|The Export to ASCII functionality allows the Maptek Vulcan user to export points from objects. The user can even export in CSV format.|
A question came up today about the File > Export > ASCII > Design Strings option in Maptek Vulcan. This is a useful option that you don’t know you want until you need it. The problem is that when you actually do need it, you’ve never heard about it. Hopefully, this post will help some people to know how to export to a CSV file from Vulcan before crisis strikes.
The scenario that I encountered today was simple: points had been imported into Vulcan from a CSV file (well collar locations), converted from mine coordinates to UTM and now the point coordinates needed to be added back to the original CSV file as the converted UTM coordinates. If there had been just a few points it would have been no big deal to simply type in the coordinate data to the CSV file in Microsoft Excel. For a larger number of points we want a function that will export data in a manner similar to how we imported the data.
The first bit of confusion when exporting points to CSV format is that everyone wants to use the 'CSV (Database)' File Format. This seems like the logical choice. We are attempting to export data from the design database to CSV format. Why isn’t this the best solution? In Vulcan nomenclature, the import and export CSV options refer to Isis databases i.e. drillhole/composite databases. If you want to export CAD data, use the ASCII export option.
Select File > Export from the Vulcan menu. In the Export panel select ASCII as the file format and Design Strings as the File Type.
|Use the 'ASCII' File Format to export CAD points from Vulcan objects.|
In the ‘Export to ASCII’ panel (the first of two panels with the same name) select the CSV radio button and type in a name for the new CSV file that we will be creating. Click ‘OK.’
|The first 'Export to ASCII' panel allows the user to specify a CSV file type and the name of the resulting file.|
The ‘Export to ASCII’ panel (why Vulcan has two panels with the exact same name is beyond me) has four sections to fill out:
- Description: This section is purely informational, it lists the file name and extension for the export results.
- File format: Specify the separating character. Typically a comma, although sometimes we use a ‘tab’ character if importing into an .xls or .xlsx file type. Use the characters '\T' to specify tab. Check the box ‘Write a file header.’ This will add a header line in the export file. If this box is not checked, the resulting CSV file will not have any information on which column is which.
- Object header: Vulcan has the capability to add a line of header for the points in each object being exported. It has been my experience that if I am exporting more than one object at a time, Export > ASCII is not the way to do it. The CSV file for multiple objects gets really confusing really quickly. Don’t do it.
- Object points: This is the meat of the panel. Select the fields you want to populate in the CSV export. X, Y and Z fields are specified by default. I like to use Point Name instead of Point Number so that the points are more easily identifiable.

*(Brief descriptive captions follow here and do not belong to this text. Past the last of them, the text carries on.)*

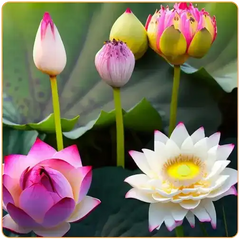 Découvrez la signification des Fleurs de Lotus - Florajet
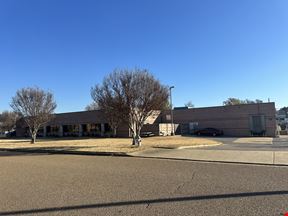 3080 Bartlett Corp. Drive
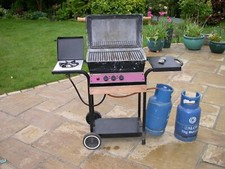 Barbecue onward multi for sale  FERNDOWN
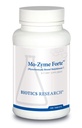 Biotics Research MoZyme Forte Molybdän 150 mcg, Liver Support, Detoxification, Essential Trace Element, Gesunder Stoffwechsel, Antioxidans Support 100 Tablets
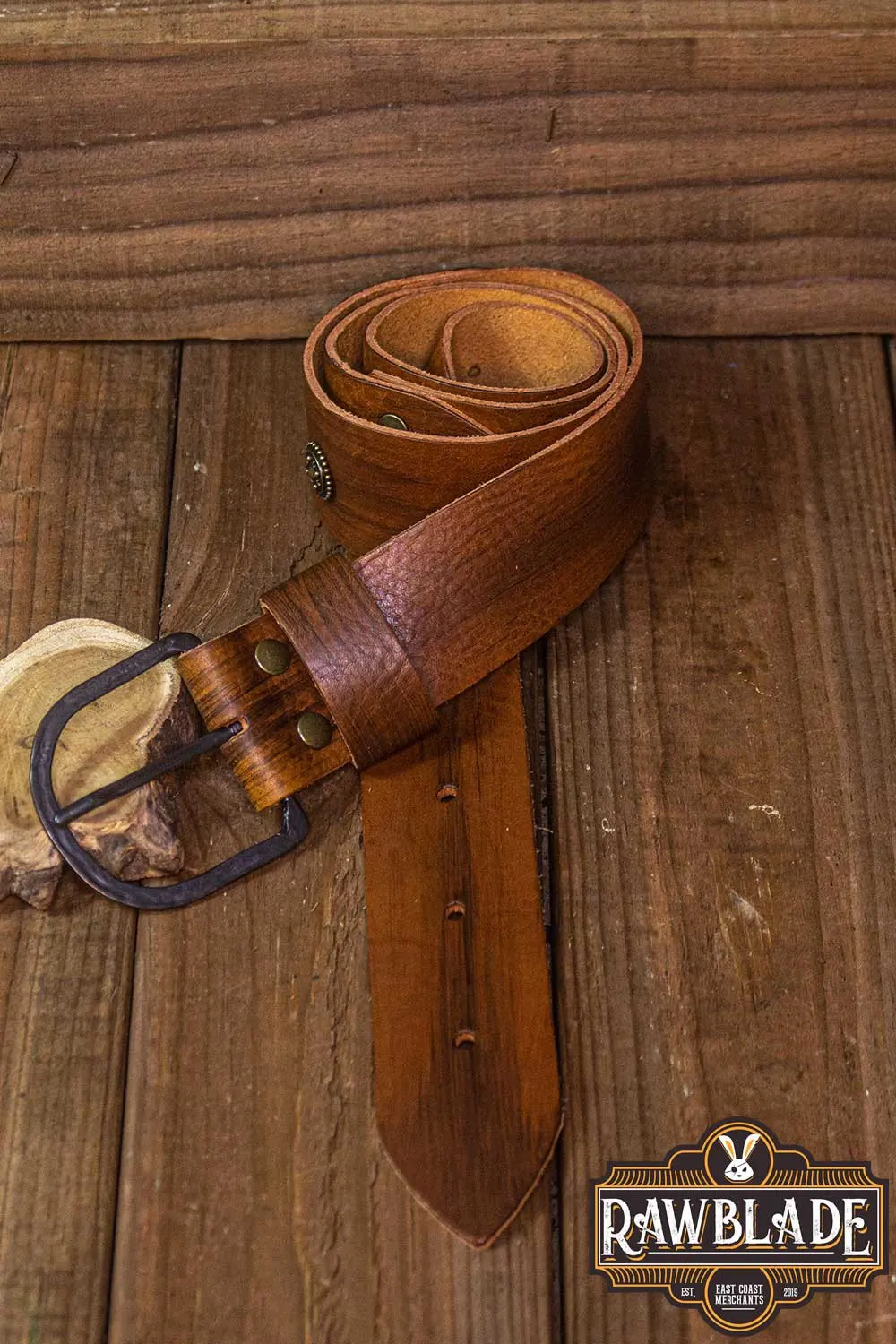 Kravan Belt - Image 2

|The second 'Export to ASCII' panel specifies which fields will be populated in the resulting export file.|
Click ‘OK’ and select the data to export. Click ‘OK’ when Envisage tells you how many points have been exported and again when it tells you that the file has been successfully created. Click ‘Cancel’ to exit the Export panel and take a look at the file you have created.
In this format you can easily copy and paste the translated well coordinates to the original CSV file.